En conséquence cette prise d'acte produit les effets d'un licenciement sans cause réelle et sérieuse.
Sur les conséquences pécuniaires de la prise d'acte de rupture du contrat de travail :
Mme Y...ayant plus de deux ans d'ancienneté, a droit, en application des dispositions de l'article L. 1234-1 du code du travail, à une indemnité compensatrice de préavis équivalente à deux mois de salaire, soit la somme de 3 640 euros.
Sur ce montant il est dû une indemnité compensatrice de congés payés à hauteur de 364 euros.
Compte tenu de son ancienneté remontant au 4 juillet 2005, la demande de Mme Y...portant sur la somme de 2 002 euros au titre de l'indemnité légale de licenciement, est justifiée au regard des dispositions de l'article L. 1234-9 du code du travail.
Il ressort des mentions figurant sur le dernier bulletin de paie de Mme Y..., qu'à la date de la rupture du contrat de travail, celle-ci avait acquis 14, 5 jours de congés payés qui lui restaient à prendre.
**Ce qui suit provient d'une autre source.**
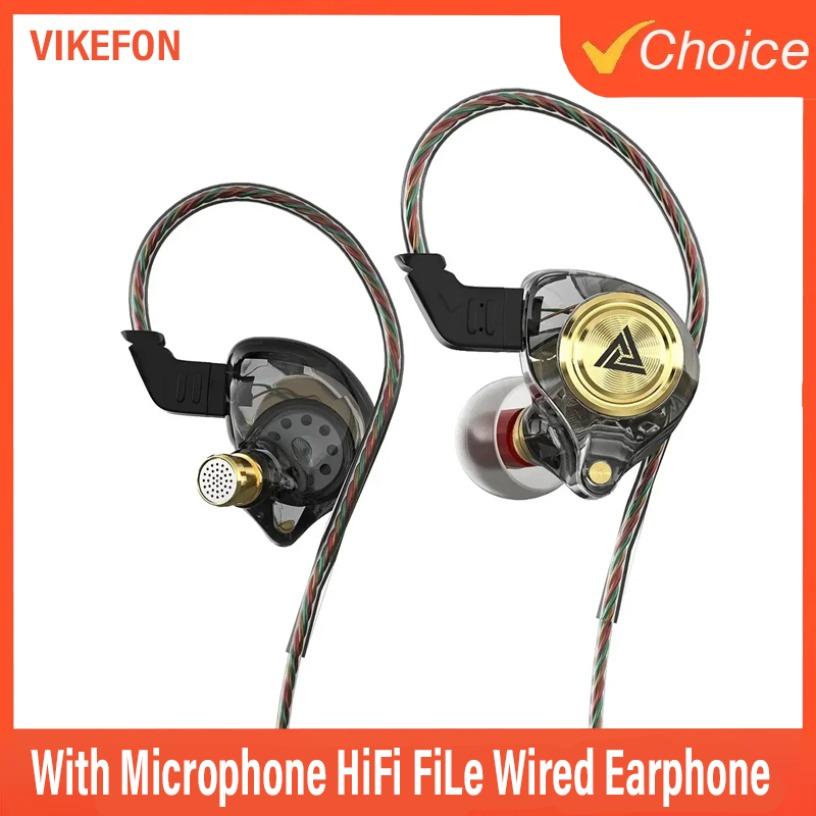 QKZ CK5 Wired Earphones In-Ear Headphones with Mic Volume Control HiFi Stereo Sound Deep Bass Tangle-Free for Phone Laptop PC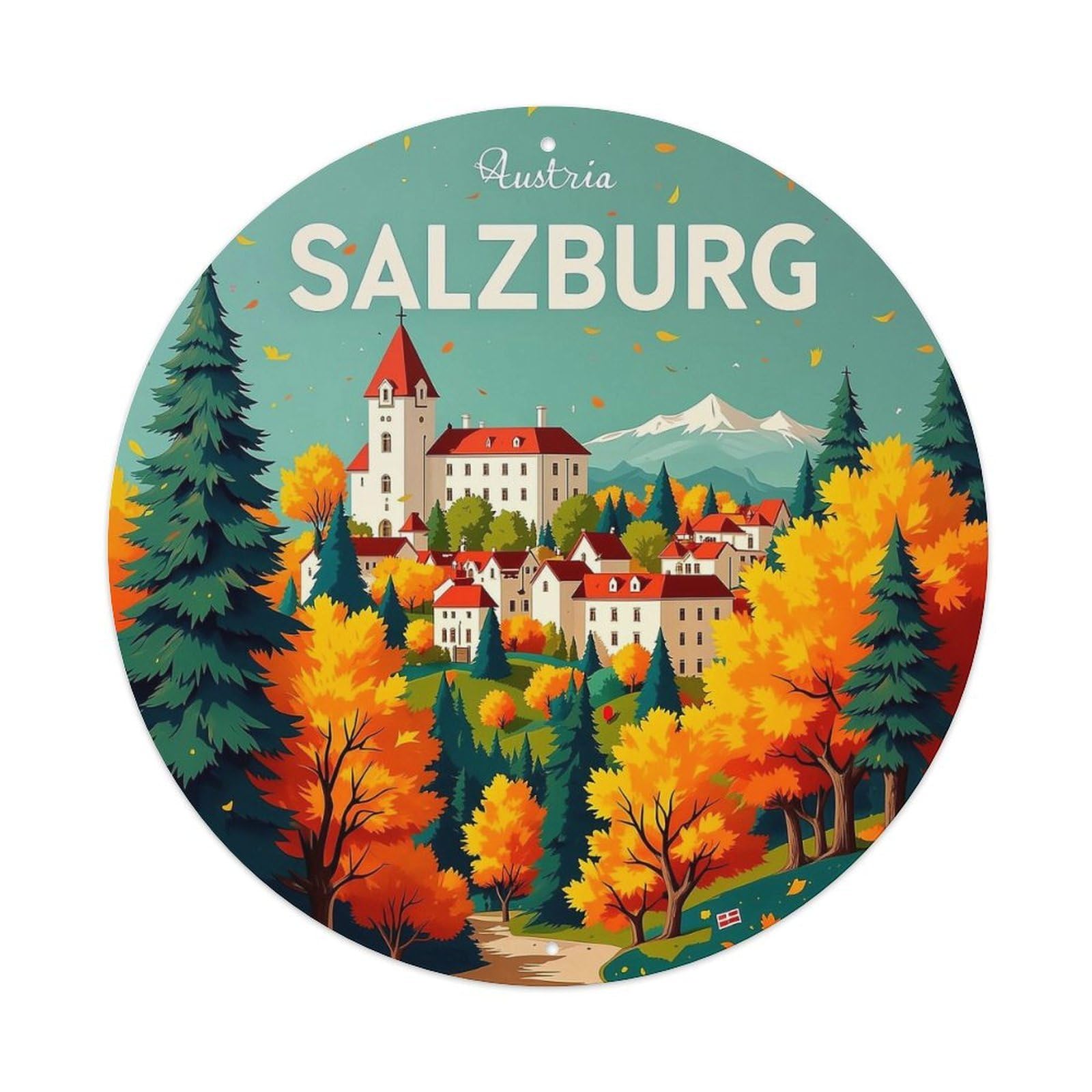 Autumn Landscape Castle Trees Mountains Metal Tin Sign Plaque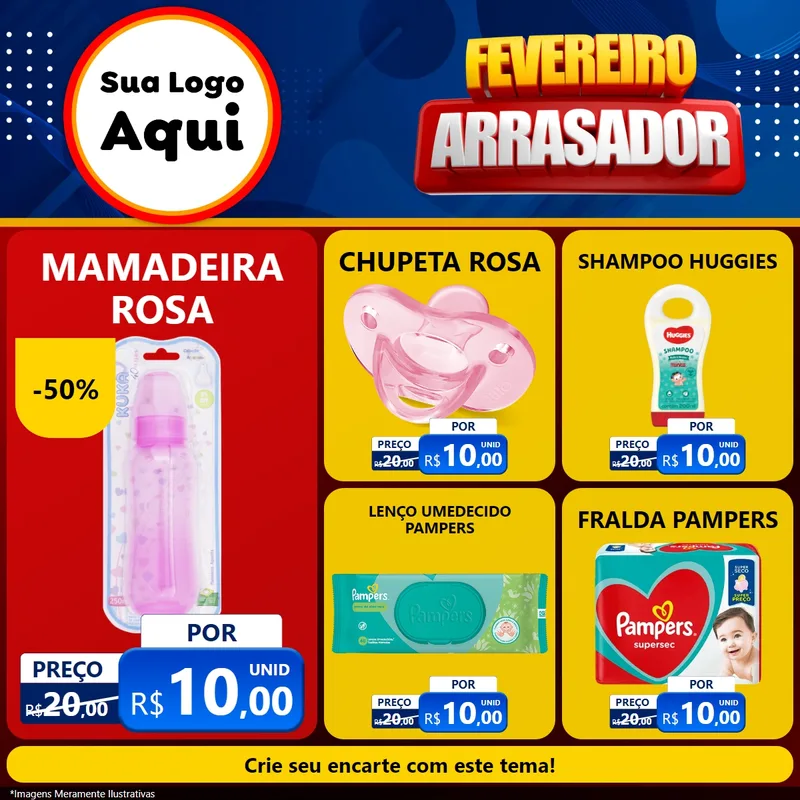 Modelo de Rede Social para Feed Facebook com o tema Fevereiro Arrasador para Bebês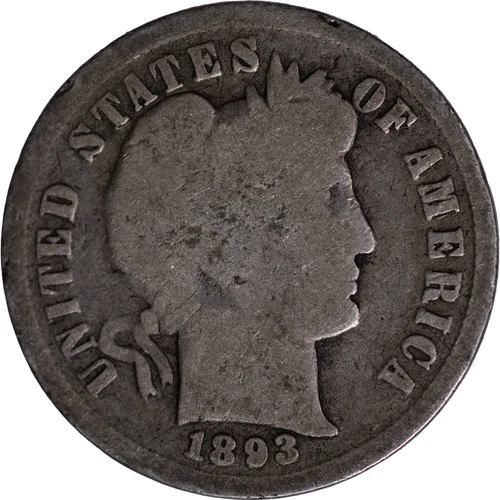 1893 10c Barber Dime ~ Good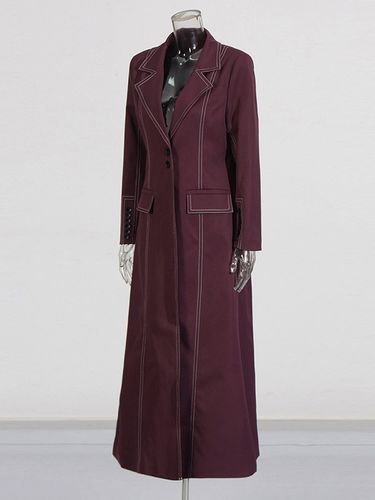 Blazer long à coutures contrastées revers cranté double boutonnage longueur maxi - milanoo.com - Modalova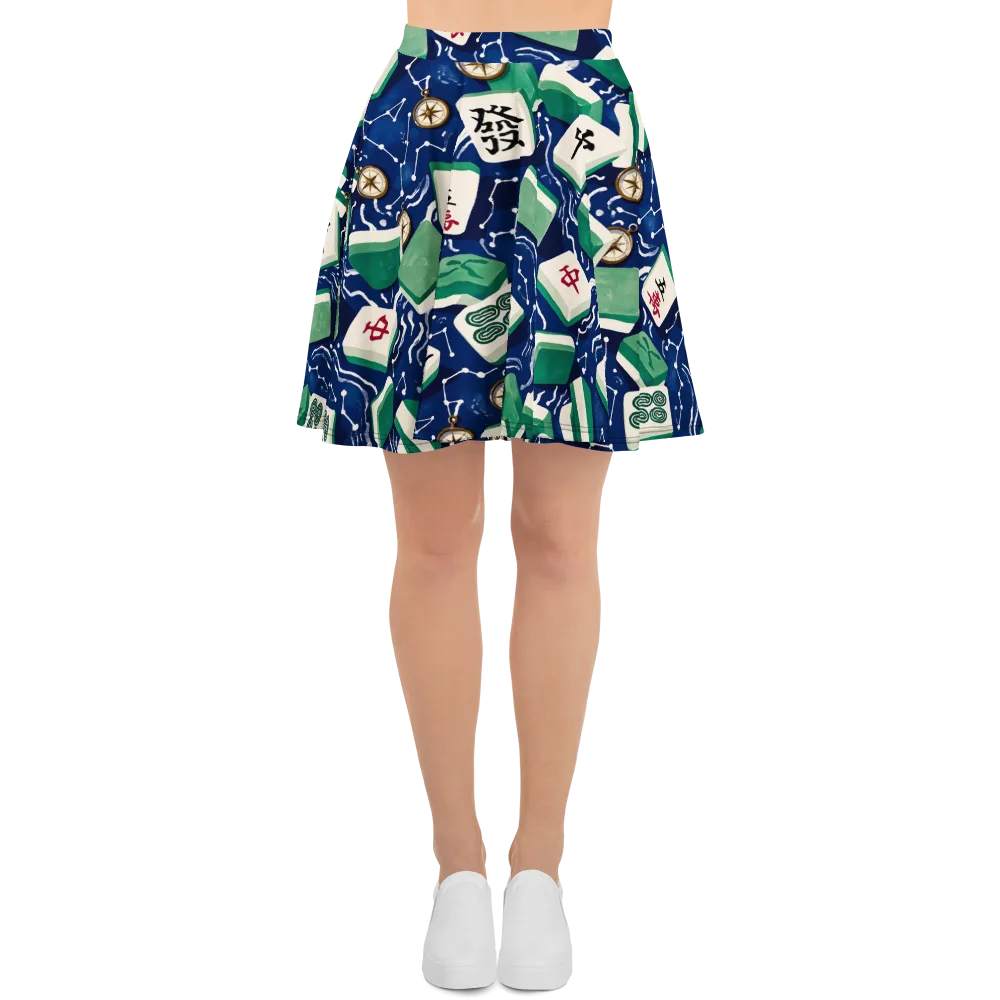 Compass Fortune on Skater Skirt — Front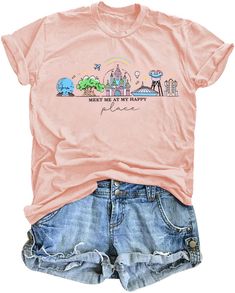 a pink shirt and shorts with the words meet me at my happy place on it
En conséquence il lui sera alloué la somme de 879, 66 euros à titre d'indemnité compensatrice de congés payés.
Mme Y...ne contestant pas qu'à la suite de la prise d'acte de rupture du contrat de travail, elle a retrouvé immédiatement un nouvel emploi, son préjudice s'en trouve ainsi limité.
Elle invoque, pour fixer le montant de son indemnisation, les dispositions de l'article L. 1235-3 du code du travail, encore faut-il qu'il soit justifié des conditions d'application de ce texte qui prévoit une indemnité minimale pour licenciement sans cause réelle et sérieuse, d'un montant équivalent aux 6 derniers mois de salaires.
Ainsi les parties seront invitées à préciser si le nombre des salariés employés par Mme X... au moment de la prise d'acte de rupture du contrat de travail de Mme Y..., était supérieur à dix.
Il sera sursis à statuer sur ce chef d'indemnisation en l'attente des précisions données par les parties, l'employeur devant produire au besoin, en cas de contestation, le registre du personnel faisant apparaître le nombre de salariés en activité à l'époque de la rupture.
L'employeur ne justifiant pas avoir remis à la salariée son certificat de travail, l'attestation Pôle Emploi, ainsi que son dernier bulletin de salaire de janvier 2011, c'est à juste titre que les premiers juges ont ordonné cette remise sous astreinte.
Comme il paraît inéquitable de laisser à la charge de Mme Y...les frais irrépétibles qu'elle a exposés, il lui sera alloué la somme de 2000 euros d'indemnité au titre de l'article 700 du code de procédure civile.
Par ces motifs,
La cour, statuant publiquement, contradictoirement et en dernier ressort,
Confirme le jugement déféré, sauf en ce qui concerne les modalités de l'astreinte prononcée, et sauf à surseoir à statuer sur la demande de dommages et intérêts pour rupture abusive du contrat de travail,
Et statuant à nouveau sur ces deux chefs de demandes,
Dit que l'astreinte assortissant l'obligation de remettre à Mme Y...les documents de fin de contrat, commencera à courir à compter de l'expiration d'un mois suivant la notification du présent arrêt,
Invite les parties à préciser le nombre de salariés présents au sein de l'institut dirigé par Mme X..., à la date du 1er février 2011,
Réserve la demande de dommages et intérêts pour rupture abusive du contrat de travail, et renvoie l'affaire à l'audience du
15 juin 2015 à 14h30
pour qu'il soit statué sur ce chef de demande,
Condamne d'ores et déjà Mme X... aux entiers dépens.